**EXERCISE BRIEF**
Restate, word for word and with no pictures, the stretch of lines in the data below that begins at the line with "sourcing map Pack" and ends at the line with "3 tip şişe açma", inclusive.
═════ GIVEN DATA
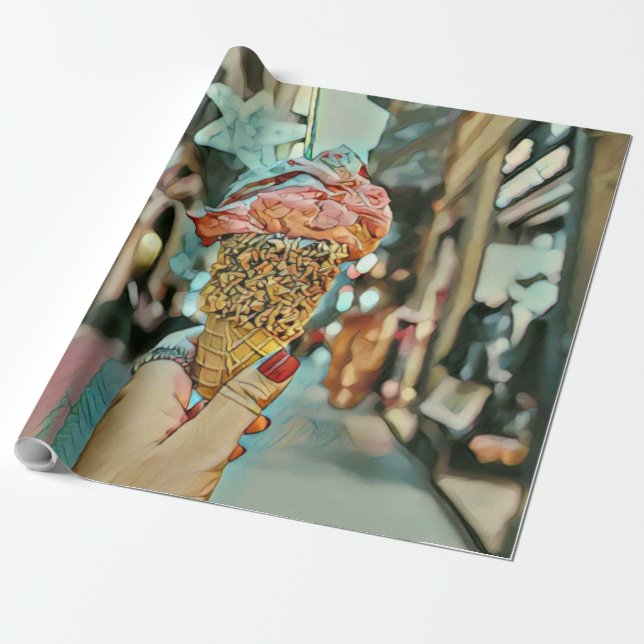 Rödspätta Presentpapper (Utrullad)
══════════
═════ GIVEN DATA
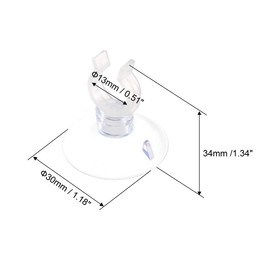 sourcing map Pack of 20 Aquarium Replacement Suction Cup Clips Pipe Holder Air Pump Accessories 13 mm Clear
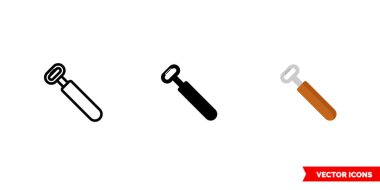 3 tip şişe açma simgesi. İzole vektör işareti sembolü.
══════════
**RESULT FOR THIS EXERCISE**
 sourcing map Pack of 20 Aquarium Replacement Suction Cup Clips Pipe Holder Air Pump Accessories 13 mm Clear
 3 tip şişe açma simgesi. İzole vektör işareti sembolü.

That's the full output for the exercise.